Wir alle erinnern uns gerne zurück an die Legion of Boom. Diese Gruppe giftiger, überehrgeiziger, etwas vorlauter junger Männer, die Gegenspieler über die sozialen Medien herausforderte. Die die eigenen Wide Receiver im Training beschimpfte und sich mit TV-Moderatoren anlegte. Aber: „Is it bragging if you back it up?“ Ja, das waren großmaulige, manchmal auch mit ein bisschen Fremdscham verbundene Handlungen, doch die LOB rechtfertigte sie stets mit Leistung.

Auf den etwas zurückhaltenderen Wilson umgemünzt: Der, der in der Offensive nach mehr Verantwortung schrie, muss diese nun auch übernehmen.

Für den Rest der Saison. Nicht nur für ein weiteres Bounce-Back-Spiel.

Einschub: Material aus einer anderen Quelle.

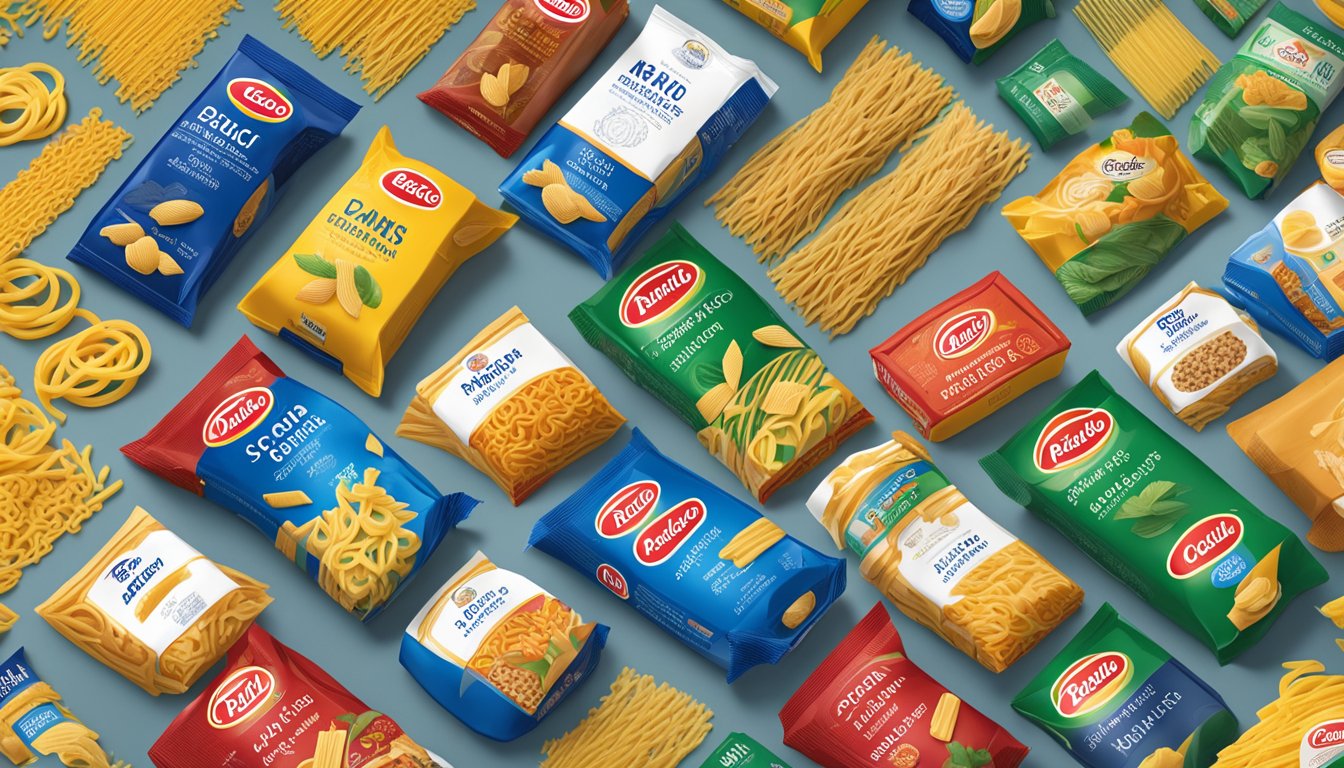 A table displays a variety of pasta products from Barilla and De Cecco, arranged in neat rows with colorful packaging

Für die Eindimensionalität der Offensive ist er hauptverantwortlich, wenn er Alternativen ignoriert. Wenn er ständig gierig mit einem Pass auf den gedeckten Receiver das komplette Feld überbrücken will. Wenn er nicht Schritt für Schritt und mit Auge für den freien Mitspieler sein Team übers Feld führt. Wilson muss sich wieder mit weniger zufrieden geben, um mehr daraus zu machen.

Natürlich war zu erwarten, dass er nicht Spiel für Spiel fünf Touchdown-Pässe werfen würde. Natürlich war klar, dass irgendwann Mitte der Saison das klassische kleine Formtief kommen würde. Aktuell aber steckt der oft so herausragende Seahawks-Quarterback in einem tiefen Loch – und hat die gesamte Offensive mit hinein gezogen. Jetzt muss er zeigen, ob er der neu hinzugewonnenen Verantwortung tatsächlich gerecht werden kann. Muss er seine Spielweise anpassen. Muss er sich an seinen Forderungen messen lassen.

Sonst wird er auf ewig der MVP-Kandidat bleiben, der nur abseits des Spielfelds konstant ablieferte.